ACTION ITEM: Using the records below, transcribe exactly only the lines from the one with "Apartamento à venda com 100m², 2 quartos e sem vaga Apartamento" through the end, both included, and drop every picture.

*** MATERIAL FOR THIS EXERCISE Section Begins ***

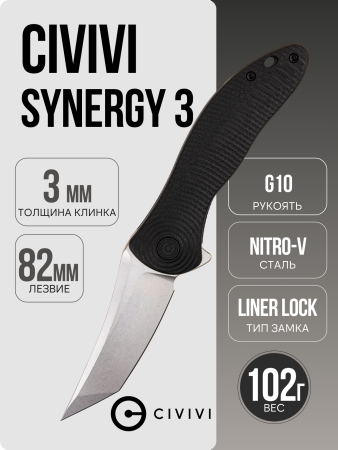 Нож CIVIVI Synergy 3, Nitro-V Tanto, G10 Black, C20075B-1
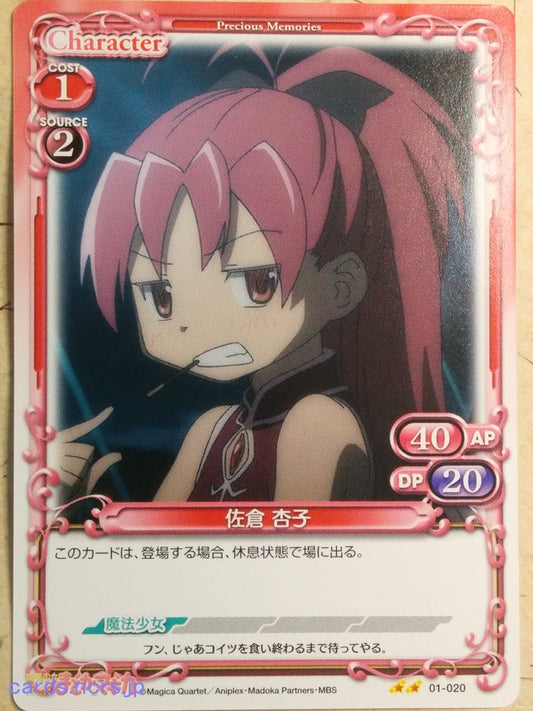 Precious Memories Puella Magi Madoka Magica -Kyoko Sakura-   Trading Card PM/MAD-01-020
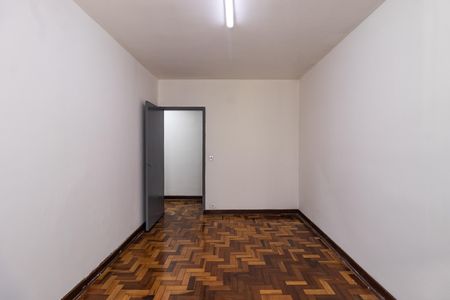 Apartamento à venda com 100m², 2 quartos e sem vaga Apartamento à venda com 100m², 2 quartos e sem vagaQuarto 1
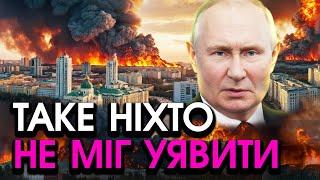 Несподіване ПОВСТАННЯ у Москві та росії?! Натовпи вийшли проти ПУТІНА, потребували ЗАКІНЧИТИ ВІЙНУ?!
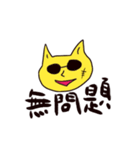 適当なお返事スタンプ（ねこ）改（個別スタンプ：11）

*** MATERIAL FOR THIS EXERCISE Section Ends ***

ANSWER TO THE EXERCISE:
 Apartamento à venda com 100m², 2 quartos e sem vaga Apartamento à venda com 100m², 2 quartos e sem vagaQuarto 1
 Несподіване ПОВСТАННЯ у Москві та росії?! Натовпи вийшли проти ПУТІНА, потребували ЗАКІНЧИТИ ВІЙНУ?!
 適当なお返事スタンプ（ねこ）改（個別スタンプ：11）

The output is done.